• Input
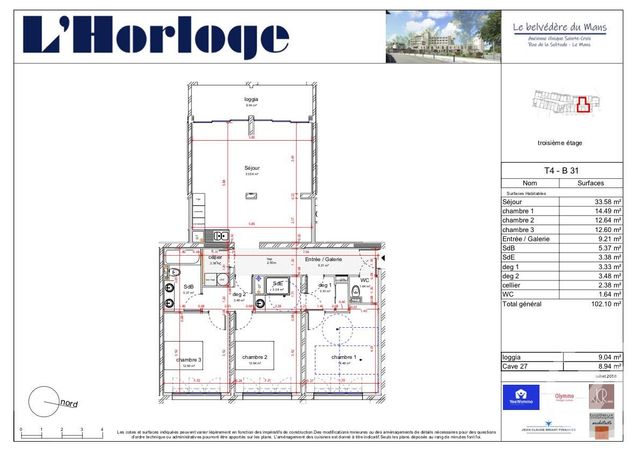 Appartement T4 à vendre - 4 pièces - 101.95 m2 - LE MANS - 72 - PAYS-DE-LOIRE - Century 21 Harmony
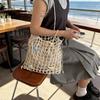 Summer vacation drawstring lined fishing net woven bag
==
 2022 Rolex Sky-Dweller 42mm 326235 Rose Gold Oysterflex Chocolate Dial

• Work instruction
Each line above starting at the one holding "Appartement T4 à" and ending at the one holding "Summer vacation drawstring" should be set down exactly as it stands, both ends included, with no pictures.

• Task answer
 Appartement T4 à vendre - 4 pièces - 101.95 m2 - LE MANS - 72 - PAYS-DE-LOIRE - Century 21 Harmony
 Summer vacation drawstring lined fishing net woven bag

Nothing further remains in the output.